Towards Fully Reactive Multi-step Generation for Humanoids against Instantaneous Push: A Case of Walking in Place in Sagittal Plane

Abstract

In this paper, we address the problem of generating a trajectory of the zero-moment point (ZMP) and the rate of angular momentum for a bipedal robot in the sagittal plane, with which the balance of the robot is recovered from external push. Unlike most previous works that adjusted a pre-designed ZMP or solved (possibly too heavy) nonlinear optimization problems, our main purpose is to develop a fully reactive step generator in the sense that (a) no pre-calculation of nominal trajectory is required, and (b) the algorithm is simple enough to operate in real time, only by utilizing the current state of the robot.
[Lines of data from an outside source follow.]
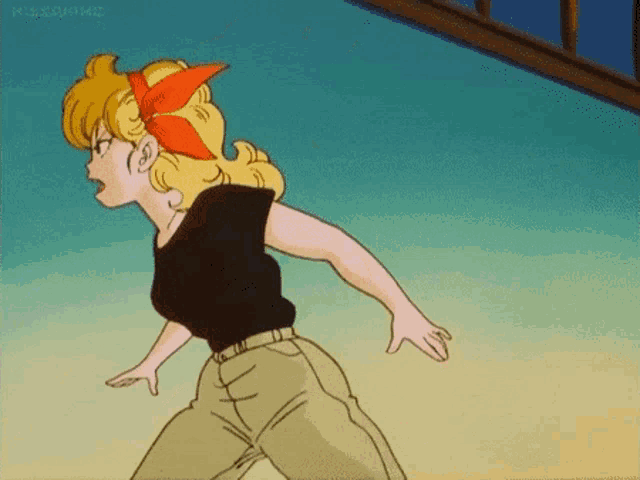 a cartoon girl with blonde hair and a red bow in her hair is running away from something .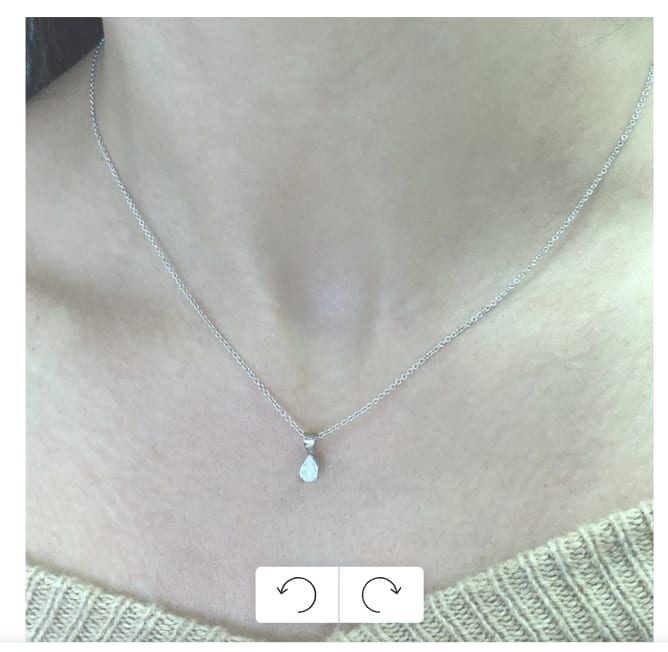 Blue diamond pendant necklace 18k white gold - Image 2
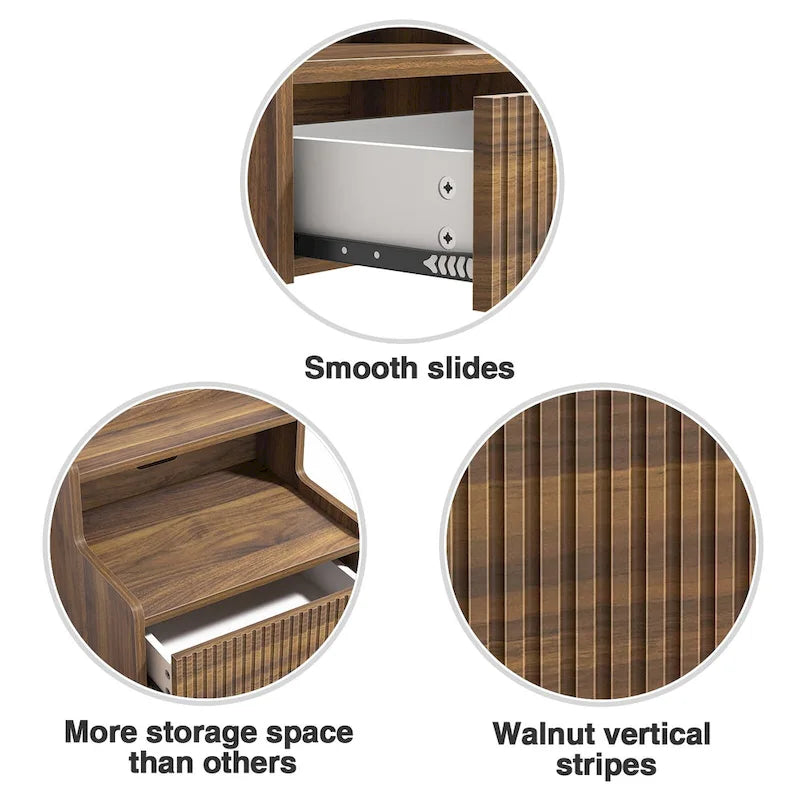 Anmytek Set of 2 Modern Floating Bedroom Nightstand with Storage Drawer and Open Shelf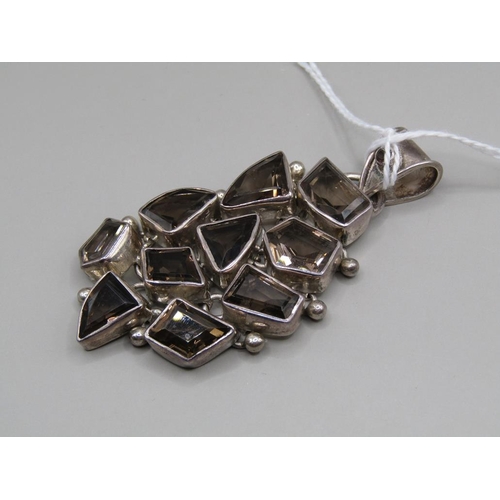 1525 - SILVER SMOKY QUARTZ PENDANT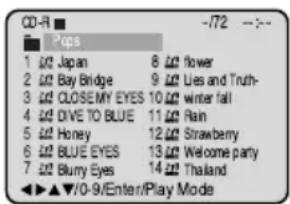 CD-R Pops 1 # Japan 8 # flower 2 # Bay Bridge 9 # Lies and Truth- 3 # CLOSEMY EYES 10 # winter fall 4 # DIVE TO BLUE 11 # Rain 5 # Honey 12 # Strawberry 6 # BLUE EYES 13 # Welcome party 7 # Burry Eyes 14 # Thailand ◀ ▶ ▼/0-9/Enter/Play Mode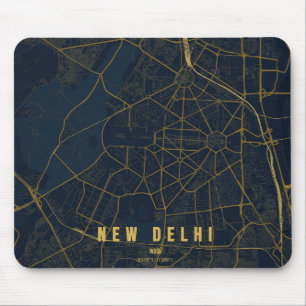 New Delhi Indien Stadtplan Minimales Design Mousepad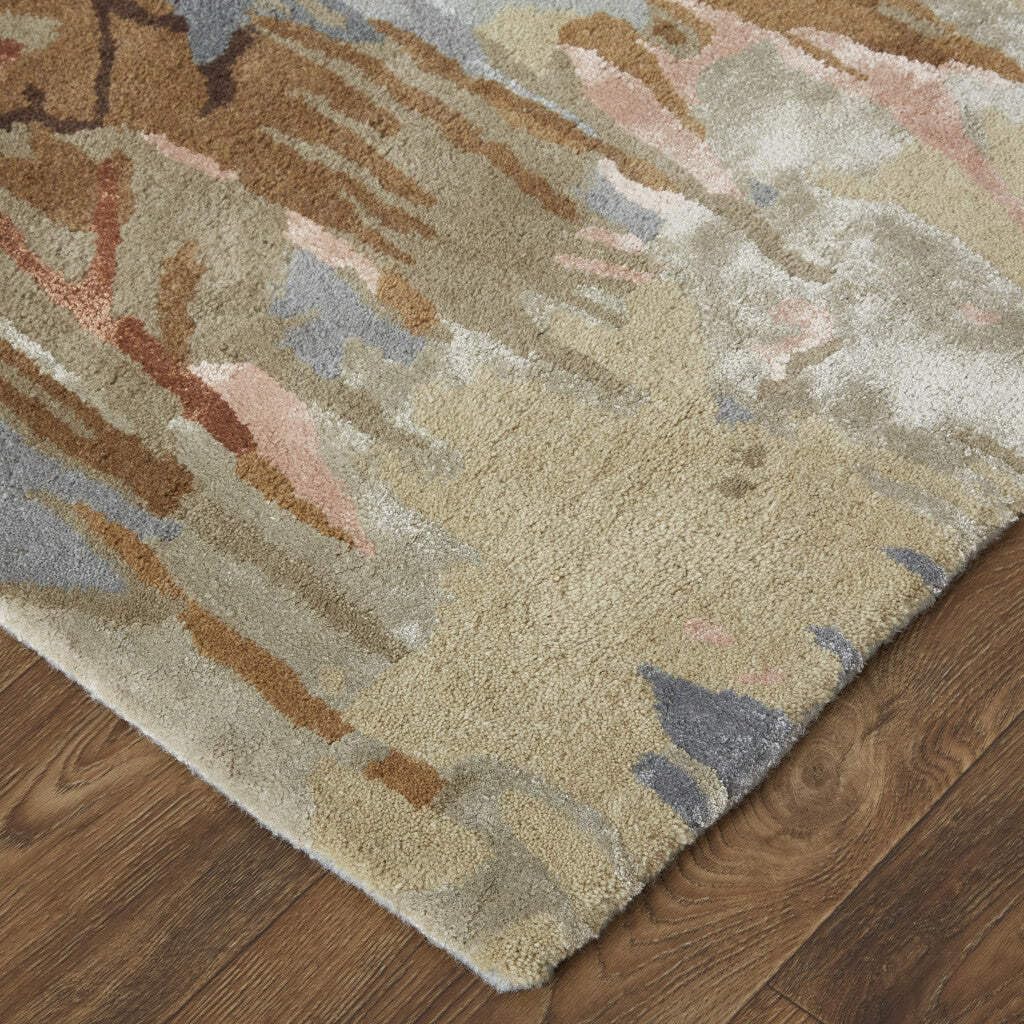 HomeRoots 513397 8 x 10 ft. Tan Gray & Green Wool Floral Hand Tufted Handmade Rectangle Area Rug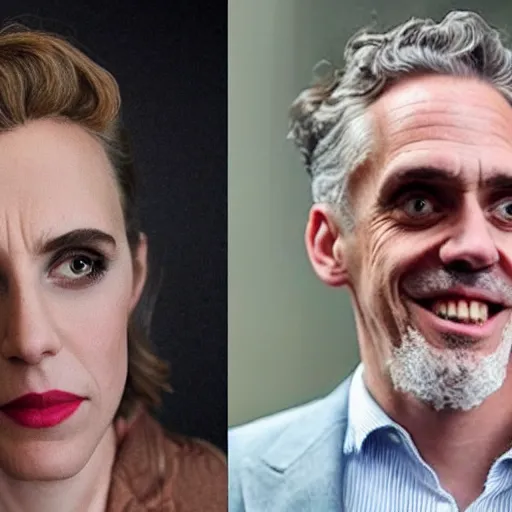 Prompt: “ jordan peterson dressed as a woman ”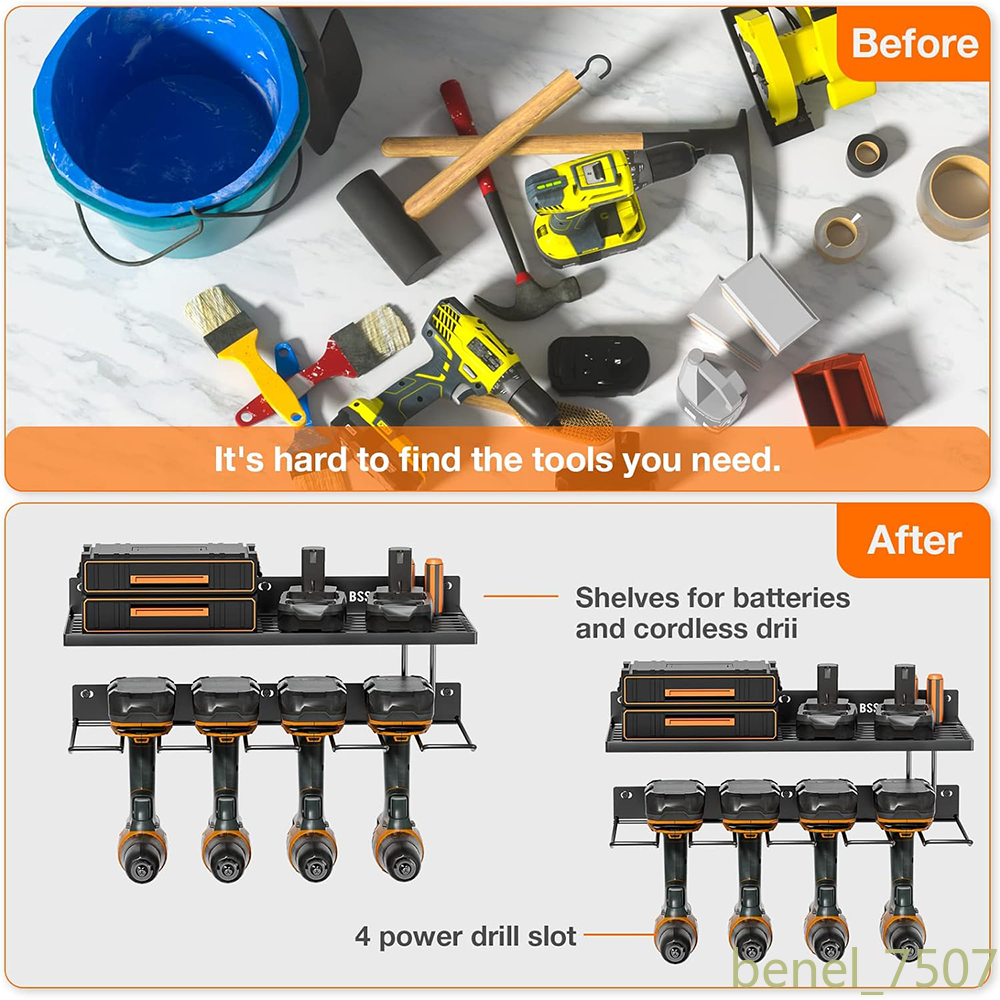 Power Tool Wall Mount Holder Duty Pegboard Wall Storage Tool Storage Rack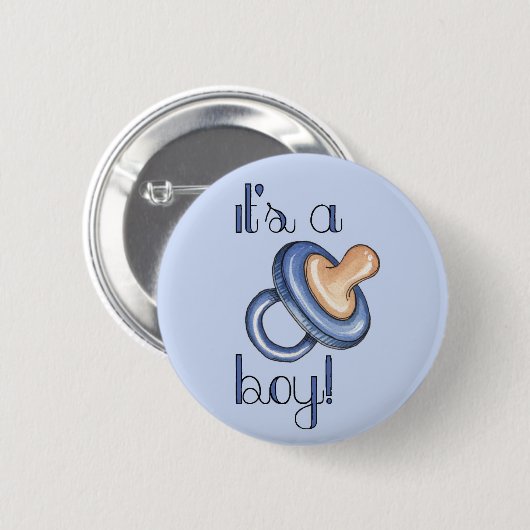 Het is een jongen! ronde button 5,7 cm (Voorkant /achterkant)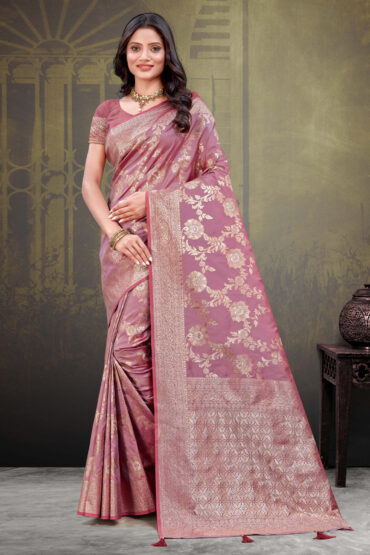 Katan Silk Saree in Purple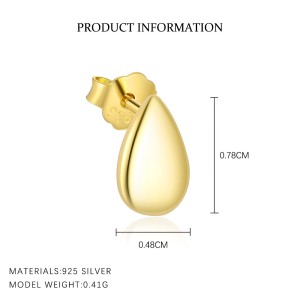 S925 Waterdrop Stud Hoop Earring Set 140100028
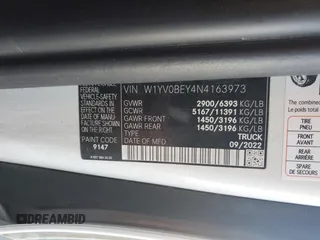 2022 Mercedes-Benz Metris Cargo with VIN W1YV0BEY4N4163973, listed as a Copart auction lot 87427614 with 19,490 mi miles and Salvage Title. Bid and sale history available at carsss.com. Image 14.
For the design, it is seen by reinterpreting the centroidal dynamics in the hybrid model framework that the balance recovery problem can be recast as the problem of stabilizing a hybrid-type (linear) inverted pendulum model. On the basis of the concept of the divergent component of motion, a simple hybrid control law is then constructed to stabilize the hybrid system, which serves as a step generator that automatically determines where and when to step. This paper briefly sketches a mathematical proof on the performance of the proposed generator from a control-theoretic perspective, which is also supported by simulation results.